* Work item
Below are several records. Retype exactly those lines running from the one with "Grunwerg 2CS650BK Yin" through the one with "16 Bøen, Christian.", end lines included, and no others.

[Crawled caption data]
-- Opening Marker --

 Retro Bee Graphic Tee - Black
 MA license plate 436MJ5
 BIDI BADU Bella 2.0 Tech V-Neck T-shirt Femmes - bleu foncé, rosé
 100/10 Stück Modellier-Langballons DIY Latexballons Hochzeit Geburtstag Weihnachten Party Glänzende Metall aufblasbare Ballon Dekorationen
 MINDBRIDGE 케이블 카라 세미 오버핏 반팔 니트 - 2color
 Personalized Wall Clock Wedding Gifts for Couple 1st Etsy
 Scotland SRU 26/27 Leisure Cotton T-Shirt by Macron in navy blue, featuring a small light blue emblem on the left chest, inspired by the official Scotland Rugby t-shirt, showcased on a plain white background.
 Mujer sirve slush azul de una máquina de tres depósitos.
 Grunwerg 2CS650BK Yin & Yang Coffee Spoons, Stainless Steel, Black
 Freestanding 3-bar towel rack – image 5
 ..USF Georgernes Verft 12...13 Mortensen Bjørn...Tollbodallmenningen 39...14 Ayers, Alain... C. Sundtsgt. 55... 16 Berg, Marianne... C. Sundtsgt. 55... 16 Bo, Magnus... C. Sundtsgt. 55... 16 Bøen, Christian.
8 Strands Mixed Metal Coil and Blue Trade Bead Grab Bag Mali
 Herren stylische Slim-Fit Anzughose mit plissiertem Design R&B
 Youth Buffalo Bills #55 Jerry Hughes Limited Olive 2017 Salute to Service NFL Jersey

-- Closing Marker --

* Your response
 Grunwerg 2CS650BK Yin & Yang Coffee Spoons, Stainless Steel, Black
 Freestanding 3-bar towel rack – image 5
 ..USF Georgernes Verft 12...13 Mortensen Bjørn...Tollbodallmenningen 39...14 Ayers, Alain... C. Sundtsgt. 55... 16 Berg, Marianne... C. Sundtsgt. 55... 16 Bo, Magnus... C. Sundtsgt. 55... 16 Bøen, Christian.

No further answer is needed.